Few lives represent the transiency of this mortal coil as poignantly as John Keats, one of England’s greatest poets.
Jane Campion’s movie, Bright Star, focuses on the last three years of his life, beginning in the late summer of 1818, shortly after Keats returns from a summer walking tour of the English Lake Country, Scotland and Ireland, exhausted, his throat torn from coughing. Within a few months Keats meets and falls in love with Fanny Brawne. The following year declining health prompts him to stop writing poetry and travel to Italy in hopes that the warmer climate will rejuvenate him. Less than three years after meeting Fanny, Keats is dead at 26.

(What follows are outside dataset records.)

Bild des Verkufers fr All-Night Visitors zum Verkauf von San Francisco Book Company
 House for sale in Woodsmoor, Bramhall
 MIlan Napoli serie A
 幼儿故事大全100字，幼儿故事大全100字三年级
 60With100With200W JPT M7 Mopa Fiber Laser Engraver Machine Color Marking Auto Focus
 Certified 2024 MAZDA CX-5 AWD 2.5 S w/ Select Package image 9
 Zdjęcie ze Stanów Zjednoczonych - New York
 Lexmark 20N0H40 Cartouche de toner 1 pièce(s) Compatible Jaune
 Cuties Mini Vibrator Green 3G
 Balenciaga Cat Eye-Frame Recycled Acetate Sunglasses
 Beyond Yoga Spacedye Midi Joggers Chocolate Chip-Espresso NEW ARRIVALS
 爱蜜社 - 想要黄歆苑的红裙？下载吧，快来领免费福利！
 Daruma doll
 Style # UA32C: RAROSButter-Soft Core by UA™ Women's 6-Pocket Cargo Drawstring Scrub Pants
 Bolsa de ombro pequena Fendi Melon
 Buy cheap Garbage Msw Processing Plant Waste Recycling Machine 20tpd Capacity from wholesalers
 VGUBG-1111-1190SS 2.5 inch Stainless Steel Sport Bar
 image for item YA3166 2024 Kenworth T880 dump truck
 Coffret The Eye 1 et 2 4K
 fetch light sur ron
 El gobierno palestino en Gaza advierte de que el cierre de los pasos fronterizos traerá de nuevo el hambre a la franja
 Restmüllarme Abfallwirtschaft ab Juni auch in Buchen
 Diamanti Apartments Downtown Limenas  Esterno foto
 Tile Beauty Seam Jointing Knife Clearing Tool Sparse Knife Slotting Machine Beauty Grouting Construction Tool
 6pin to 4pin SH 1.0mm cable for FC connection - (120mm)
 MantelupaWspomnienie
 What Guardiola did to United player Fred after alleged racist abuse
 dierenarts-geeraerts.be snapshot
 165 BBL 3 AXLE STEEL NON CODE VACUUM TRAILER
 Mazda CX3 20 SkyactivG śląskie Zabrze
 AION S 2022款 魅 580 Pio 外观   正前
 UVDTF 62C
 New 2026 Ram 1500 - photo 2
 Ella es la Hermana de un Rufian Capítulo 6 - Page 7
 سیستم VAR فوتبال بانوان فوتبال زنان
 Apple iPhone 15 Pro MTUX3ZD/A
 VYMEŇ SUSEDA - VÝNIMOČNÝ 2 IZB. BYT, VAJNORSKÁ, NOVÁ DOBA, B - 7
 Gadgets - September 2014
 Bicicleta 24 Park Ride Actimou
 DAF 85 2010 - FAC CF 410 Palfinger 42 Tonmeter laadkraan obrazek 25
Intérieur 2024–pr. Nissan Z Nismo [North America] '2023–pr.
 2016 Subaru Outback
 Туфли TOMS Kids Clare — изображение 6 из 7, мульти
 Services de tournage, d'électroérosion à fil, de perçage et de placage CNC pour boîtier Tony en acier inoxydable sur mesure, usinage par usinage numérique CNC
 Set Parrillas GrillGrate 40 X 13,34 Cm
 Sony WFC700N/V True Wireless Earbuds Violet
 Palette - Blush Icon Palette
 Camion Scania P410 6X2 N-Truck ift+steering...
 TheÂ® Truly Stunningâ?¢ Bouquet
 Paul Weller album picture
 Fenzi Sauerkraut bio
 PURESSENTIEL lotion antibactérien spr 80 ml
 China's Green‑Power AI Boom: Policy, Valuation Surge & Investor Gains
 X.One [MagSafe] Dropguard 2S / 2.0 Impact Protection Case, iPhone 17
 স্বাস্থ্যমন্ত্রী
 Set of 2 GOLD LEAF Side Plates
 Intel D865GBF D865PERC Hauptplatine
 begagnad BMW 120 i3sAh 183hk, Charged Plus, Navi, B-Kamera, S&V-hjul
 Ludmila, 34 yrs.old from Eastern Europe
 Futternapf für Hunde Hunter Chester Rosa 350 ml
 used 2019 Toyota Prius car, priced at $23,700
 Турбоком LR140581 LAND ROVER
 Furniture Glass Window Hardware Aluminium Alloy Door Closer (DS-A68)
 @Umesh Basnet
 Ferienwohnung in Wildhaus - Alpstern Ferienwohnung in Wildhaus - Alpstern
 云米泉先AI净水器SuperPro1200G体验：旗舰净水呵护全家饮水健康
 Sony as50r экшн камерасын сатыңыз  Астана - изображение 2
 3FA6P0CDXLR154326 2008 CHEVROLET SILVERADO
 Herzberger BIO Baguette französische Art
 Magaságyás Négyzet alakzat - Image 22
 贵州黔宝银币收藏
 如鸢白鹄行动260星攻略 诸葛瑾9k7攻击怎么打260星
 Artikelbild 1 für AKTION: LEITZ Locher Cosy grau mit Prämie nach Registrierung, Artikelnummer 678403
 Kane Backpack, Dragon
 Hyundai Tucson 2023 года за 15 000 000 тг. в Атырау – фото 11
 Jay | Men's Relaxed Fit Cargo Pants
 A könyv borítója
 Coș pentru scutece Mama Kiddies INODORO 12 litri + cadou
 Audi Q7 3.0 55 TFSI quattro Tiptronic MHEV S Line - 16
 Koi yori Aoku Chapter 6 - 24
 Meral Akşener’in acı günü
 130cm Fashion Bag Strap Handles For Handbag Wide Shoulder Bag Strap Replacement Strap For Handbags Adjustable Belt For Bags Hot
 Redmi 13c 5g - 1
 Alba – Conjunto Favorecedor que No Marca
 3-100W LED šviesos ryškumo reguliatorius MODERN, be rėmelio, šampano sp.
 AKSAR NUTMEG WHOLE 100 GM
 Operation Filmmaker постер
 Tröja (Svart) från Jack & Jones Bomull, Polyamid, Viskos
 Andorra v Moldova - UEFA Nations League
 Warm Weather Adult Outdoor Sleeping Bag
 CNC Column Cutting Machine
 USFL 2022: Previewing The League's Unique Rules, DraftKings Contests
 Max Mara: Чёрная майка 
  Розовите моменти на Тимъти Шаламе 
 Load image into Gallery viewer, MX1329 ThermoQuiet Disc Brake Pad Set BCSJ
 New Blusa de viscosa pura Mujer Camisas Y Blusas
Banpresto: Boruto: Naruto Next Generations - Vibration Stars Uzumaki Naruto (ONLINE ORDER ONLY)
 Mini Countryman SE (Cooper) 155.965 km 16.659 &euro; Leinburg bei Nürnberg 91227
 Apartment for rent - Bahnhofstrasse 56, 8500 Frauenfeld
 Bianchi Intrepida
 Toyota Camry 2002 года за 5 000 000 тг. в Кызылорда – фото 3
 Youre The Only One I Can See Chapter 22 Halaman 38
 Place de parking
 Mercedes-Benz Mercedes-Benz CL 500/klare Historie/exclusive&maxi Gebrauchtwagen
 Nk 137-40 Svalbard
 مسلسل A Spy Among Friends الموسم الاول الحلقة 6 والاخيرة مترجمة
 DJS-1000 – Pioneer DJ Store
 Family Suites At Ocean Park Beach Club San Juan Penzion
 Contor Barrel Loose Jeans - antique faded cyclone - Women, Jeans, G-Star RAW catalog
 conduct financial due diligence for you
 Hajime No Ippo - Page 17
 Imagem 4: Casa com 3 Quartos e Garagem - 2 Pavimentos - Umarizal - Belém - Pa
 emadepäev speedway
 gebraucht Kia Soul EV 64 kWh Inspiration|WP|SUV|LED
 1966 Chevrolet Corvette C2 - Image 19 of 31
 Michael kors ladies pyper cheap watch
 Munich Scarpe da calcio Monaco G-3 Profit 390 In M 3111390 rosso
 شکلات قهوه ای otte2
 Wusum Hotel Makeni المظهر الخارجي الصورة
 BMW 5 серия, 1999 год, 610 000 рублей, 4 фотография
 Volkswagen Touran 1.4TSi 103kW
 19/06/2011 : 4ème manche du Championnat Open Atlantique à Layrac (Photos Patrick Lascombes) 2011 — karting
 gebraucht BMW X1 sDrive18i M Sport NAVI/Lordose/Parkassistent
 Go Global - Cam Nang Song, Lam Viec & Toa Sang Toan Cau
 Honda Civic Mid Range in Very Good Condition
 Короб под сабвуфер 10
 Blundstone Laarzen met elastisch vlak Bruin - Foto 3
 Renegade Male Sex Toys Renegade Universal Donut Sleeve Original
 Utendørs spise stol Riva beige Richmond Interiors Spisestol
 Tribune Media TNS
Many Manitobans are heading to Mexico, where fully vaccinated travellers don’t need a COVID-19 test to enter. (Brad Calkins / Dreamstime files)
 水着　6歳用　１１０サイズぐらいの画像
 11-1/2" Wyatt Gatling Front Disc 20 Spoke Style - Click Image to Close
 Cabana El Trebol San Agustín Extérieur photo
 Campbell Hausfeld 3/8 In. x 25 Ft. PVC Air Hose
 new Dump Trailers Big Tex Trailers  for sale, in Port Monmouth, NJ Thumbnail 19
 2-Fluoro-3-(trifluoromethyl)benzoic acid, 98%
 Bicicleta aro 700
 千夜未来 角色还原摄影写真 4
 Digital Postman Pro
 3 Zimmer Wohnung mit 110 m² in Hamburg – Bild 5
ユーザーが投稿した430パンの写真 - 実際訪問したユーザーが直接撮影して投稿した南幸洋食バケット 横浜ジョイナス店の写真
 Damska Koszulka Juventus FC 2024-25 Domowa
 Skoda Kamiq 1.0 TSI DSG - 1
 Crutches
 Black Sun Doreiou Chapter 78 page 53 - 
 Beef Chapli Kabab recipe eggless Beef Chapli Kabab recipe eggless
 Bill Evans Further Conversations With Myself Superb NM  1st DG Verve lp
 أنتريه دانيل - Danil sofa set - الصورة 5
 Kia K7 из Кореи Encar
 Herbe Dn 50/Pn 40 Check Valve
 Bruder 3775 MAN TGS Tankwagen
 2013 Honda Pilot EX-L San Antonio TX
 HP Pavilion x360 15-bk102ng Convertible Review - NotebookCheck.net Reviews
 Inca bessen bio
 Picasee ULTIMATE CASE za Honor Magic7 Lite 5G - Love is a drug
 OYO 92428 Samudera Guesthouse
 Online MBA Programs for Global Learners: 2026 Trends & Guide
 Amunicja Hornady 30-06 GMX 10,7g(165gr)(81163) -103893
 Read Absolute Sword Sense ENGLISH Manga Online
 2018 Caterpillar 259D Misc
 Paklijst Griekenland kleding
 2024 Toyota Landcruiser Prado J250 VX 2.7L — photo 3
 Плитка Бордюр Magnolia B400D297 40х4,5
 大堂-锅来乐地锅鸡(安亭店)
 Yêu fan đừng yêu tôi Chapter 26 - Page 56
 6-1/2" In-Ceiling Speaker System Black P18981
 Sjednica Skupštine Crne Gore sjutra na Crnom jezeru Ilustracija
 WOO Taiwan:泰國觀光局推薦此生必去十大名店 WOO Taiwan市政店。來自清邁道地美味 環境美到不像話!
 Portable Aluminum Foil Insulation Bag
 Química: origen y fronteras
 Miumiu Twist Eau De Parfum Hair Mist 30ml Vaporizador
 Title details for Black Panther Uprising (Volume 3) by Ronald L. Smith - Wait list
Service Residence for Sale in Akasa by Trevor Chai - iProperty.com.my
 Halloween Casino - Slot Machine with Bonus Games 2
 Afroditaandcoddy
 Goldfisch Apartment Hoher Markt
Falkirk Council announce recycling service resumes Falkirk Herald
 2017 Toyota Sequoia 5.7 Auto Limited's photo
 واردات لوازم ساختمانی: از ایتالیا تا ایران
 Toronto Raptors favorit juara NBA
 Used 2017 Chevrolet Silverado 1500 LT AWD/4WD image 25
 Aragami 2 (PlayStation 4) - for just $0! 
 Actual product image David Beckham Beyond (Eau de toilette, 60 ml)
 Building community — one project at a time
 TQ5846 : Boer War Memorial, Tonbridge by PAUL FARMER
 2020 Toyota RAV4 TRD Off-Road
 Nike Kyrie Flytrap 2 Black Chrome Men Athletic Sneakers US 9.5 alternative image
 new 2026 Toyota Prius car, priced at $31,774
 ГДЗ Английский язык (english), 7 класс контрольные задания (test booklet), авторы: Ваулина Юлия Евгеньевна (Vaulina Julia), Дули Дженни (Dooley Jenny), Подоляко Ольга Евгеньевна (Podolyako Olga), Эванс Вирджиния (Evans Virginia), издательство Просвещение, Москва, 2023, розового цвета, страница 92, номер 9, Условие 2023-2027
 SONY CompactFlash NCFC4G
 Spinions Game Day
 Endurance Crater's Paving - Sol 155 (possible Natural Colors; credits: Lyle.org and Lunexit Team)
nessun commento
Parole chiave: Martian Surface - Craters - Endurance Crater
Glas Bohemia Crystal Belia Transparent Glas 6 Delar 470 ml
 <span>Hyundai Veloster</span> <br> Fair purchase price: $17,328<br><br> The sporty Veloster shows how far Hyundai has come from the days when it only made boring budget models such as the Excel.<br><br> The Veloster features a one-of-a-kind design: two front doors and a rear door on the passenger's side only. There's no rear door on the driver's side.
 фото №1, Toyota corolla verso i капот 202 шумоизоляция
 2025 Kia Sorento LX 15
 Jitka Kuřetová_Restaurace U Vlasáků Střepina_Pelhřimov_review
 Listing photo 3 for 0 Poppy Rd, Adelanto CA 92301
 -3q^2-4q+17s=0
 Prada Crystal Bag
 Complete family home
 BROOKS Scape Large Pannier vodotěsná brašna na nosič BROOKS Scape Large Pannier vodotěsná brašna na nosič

For too many, Keats life and legacy is caricatured as either the iconic, romanticized ideal of the artist taken in his prime, or the personification of what if, as in what if he had lived as many years as Shakespeare, Milton, or other of his artistic peers, what could he have written, what could he have accomplished? Instead of pandering to the idol-lust of Keats’ short life, the movie Bright Star sparks on the unfulfilled love of Fanny and John, effectively capturing the tensions of love and death, dream and waking that Keats’ poetry, including the poem Bright Star, describes.
John Keats short life is a sobering, iconic representation of how tragedy and death are no respecters of who you are.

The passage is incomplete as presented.